No. It was not tough at all. It’s just me and my team out on the field. I block out the fans. I feel like it’s just like practice. I’ve always said, the game is played during the week. Sunday is like, you take your kids to the candy store. You had a great week; today, treat yourself. That’s how I treated games—it was an opportunity for me to just have fun. I feel like we’re showmen, as athletes. We’re paid to put on a show.

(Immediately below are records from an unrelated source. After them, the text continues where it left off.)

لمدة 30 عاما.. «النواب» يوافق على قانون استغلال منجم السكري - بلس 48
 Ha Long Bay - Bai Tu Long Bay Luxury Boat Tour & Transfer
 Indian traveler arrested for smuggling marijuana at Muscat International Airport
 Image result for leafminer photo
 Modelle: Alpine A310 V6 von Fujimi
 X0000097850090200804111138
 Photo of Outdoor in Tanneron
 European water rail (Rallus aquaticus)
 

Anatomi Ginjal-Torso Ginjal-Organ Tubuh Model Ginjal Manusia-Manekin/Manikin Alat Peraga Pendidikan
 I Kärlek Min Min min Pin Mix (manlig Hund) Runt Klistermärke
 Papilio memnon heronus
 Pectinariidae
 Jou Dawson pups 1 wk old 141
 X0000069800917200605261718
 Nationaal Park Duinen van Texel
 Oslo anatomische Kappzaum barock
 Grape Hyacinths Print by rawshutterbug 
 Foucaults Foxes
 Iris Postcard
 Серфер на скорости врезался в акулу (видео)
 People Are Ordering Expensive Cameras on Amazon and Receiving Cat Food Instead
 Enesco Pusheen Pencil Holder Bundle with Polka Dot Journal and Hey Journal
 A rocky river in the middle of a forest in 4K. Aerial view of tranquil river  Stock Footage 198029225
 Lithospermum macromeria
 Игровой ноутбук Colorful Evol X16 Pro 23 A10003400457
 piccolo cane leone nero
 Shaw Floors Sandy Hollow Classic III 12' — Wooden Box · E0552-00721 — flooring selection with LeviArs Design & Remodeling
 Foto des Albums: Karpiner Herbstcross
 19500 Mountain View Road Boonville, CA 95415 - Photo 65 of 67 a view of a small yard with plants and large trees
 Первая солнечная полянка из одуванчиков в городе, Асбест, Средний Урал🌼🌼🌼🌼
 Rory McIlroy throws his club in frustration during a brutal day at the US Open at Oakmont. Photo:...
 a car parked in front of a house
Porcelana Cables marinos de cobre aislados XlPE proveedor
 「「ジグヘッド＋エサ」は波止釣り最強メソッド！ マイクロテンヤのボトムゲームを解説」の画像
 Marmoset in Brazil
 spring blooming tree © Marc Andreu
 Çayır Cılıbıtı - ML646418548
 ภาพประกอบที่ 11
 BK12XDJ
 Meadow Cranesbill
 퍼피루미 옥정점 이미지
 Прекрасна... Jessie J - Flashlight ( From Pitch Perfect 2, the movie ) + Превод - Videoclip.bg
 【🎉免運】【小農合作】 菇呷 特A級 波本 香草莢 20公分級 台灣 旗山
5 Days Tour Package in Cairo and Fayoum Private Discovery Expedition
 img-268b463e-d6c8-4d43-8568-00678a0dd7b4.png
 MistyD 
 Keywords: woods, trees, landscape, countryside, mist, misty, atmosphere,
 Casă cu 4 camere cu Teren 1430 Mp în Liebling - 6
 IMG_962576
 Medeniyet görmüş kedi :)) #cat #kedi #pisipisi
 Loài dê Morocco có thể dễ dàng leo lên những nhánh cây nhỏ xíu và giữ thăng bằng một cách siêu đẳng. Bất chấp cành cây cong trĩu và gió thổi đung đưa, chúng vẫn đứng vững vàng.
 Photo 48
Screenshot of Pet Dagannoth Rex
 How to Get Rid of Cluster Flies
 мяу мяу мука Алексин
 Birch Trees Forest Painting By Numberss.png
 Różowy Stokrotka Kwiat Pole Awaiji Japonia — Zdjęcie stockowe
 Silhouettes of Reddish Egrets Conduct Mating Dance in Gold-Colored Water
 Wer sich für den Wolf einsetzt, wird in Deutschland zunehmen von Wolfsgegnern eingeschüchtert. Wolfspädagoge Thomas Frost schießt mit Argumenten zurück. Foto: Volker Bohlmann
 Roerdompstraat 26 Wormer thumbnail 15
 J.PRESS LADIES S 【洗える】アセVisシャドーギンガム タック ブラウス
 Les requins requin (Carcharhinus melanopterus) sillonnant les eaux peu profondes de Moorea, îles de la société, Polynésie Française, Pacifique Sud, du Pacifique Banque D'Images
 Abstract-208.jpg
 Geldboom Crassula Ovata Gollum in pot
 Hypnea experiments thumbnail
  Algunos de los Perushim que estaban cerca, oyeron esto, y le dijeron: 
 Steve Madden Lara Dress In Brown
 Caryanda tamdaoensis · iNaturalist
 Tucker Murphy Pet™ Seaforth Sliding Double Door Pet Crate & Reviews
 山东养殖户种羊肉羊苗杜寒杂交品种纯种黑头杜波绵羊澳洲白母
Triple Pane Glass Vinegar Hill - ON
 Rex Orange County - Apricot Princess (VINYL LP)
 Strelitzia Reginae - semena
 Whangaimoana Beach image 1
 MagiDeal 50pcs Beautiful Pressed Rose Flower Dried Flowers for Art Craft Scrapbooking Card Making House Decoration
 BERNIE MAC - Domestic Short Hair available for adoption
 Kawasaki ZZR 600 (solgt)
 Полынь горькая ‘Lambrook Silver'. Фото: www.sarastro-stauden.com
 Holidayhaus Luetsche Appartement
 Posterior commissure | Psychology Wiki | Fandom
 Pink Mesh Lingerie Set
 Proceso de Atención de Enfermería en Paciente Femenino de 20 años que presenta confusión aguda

You let your personality shine through at times.
All the time.
Sometimes the fans responded to it. Other times …
They didn’t understand it.
There was the Michael Jackson “Thriller” dance, and picking up the phone on the sideline against the Giants. And the one that bothered people the most …
The air guitar. This is the thing people don’t understand. I brought the air guitar out at training camp. Everybody loved it. Leonard Weaver had the drums, DeSean Jackson was rapping. It was like a band. We were having a good time. When I brought the air guitar out in the playoffs, that wasn’t to throw it in anybody’s face. That was me showing that we’re loose. If we’d have won the game, wouldn’t nobody have said nothing about the air guitar. We’d just lost to Dallas [the week before] because I felt like we came into that game thinking too much of the result. The whole week, it was, Let’s get back to being who we are. Let’s be loose. And people took it—he’s not focused. You can hate me all you want to. When I’m on that field, I couldn’t care less.
Let’s go back to 2003. NFC divisional playoff vs. Green Bay. The play.
Fourth and 26. The one that Freddie “Boom Boom” Mitchell will always live by. There’s an Eagles bar in Arizona, that’s all they talk about—fourth and 26 and the Super Bowl.
You don’t sound too impressed by fourth and 26.
’Cause we didn’t make it to the Super Bowl. Should we have made it more than once? Absolutely. As a quarterback, you get measured by wins and losses—we won, obviously, more than we lost. You get measured by your numbers—I had great numbers. You’re measured by your Super Bowl wins. As a quarterback, I wish I could have won a Super Bowl.
Three straight NFC championship games. James Thrash and Todd Pinkston were your top wideouts; in 2003, they combined for three touchdowns. Do you think Andy, Jeff Lurie and Joe Banner should have found better receivers for you early on?
You remember when I said—and anything I say, in Philly, becomes a story to this day—it’s important to get some playmakers? We brought in Asante Samuel, we brought in three or four players. I said playmakers—somebody who can change the game with a pick or a play.
In 2004, you successfully lobbied to sign Terrell Owens and finally had a true number one receiver. Why did things click so well?
We’d played in the Pro Bowl together. He understood my ability, and I understood his talent—find a way to put the ball in his hands. He’ll make everything else happen after that. If you have a great receiver, the quarterback looks great.
That’s what made it so devastating when things went south. He could have been your Jerry Rice.
It was like music. People in training camp were like, Whoa, this is something we have never seen. Because of the music we were making on offense, at quarterback and wide receiver—and this is the funny part that people don’t focus on—the defense elevated their game. Special teams elevated their game. Coaches’ confidence grew. We were going into games thinking how much we were going to beat teams by. That was one of the most exciting years, because I felt like as a team, everybody came together. We had parties together. We watched Monday Night Football every week together. It was a team. That was something I felt like, early on, we were missing. Then it was shattered in ’05.
What went wrong?
Everybody wanted to be a star. That’s the problem with a lot of teams. When you make it to the Super Bowl, all of the sudden, everybody feels like, “This is my chance.” Everybody had websites, everybody was doing TV segments or shows. Everybody’s doing other things.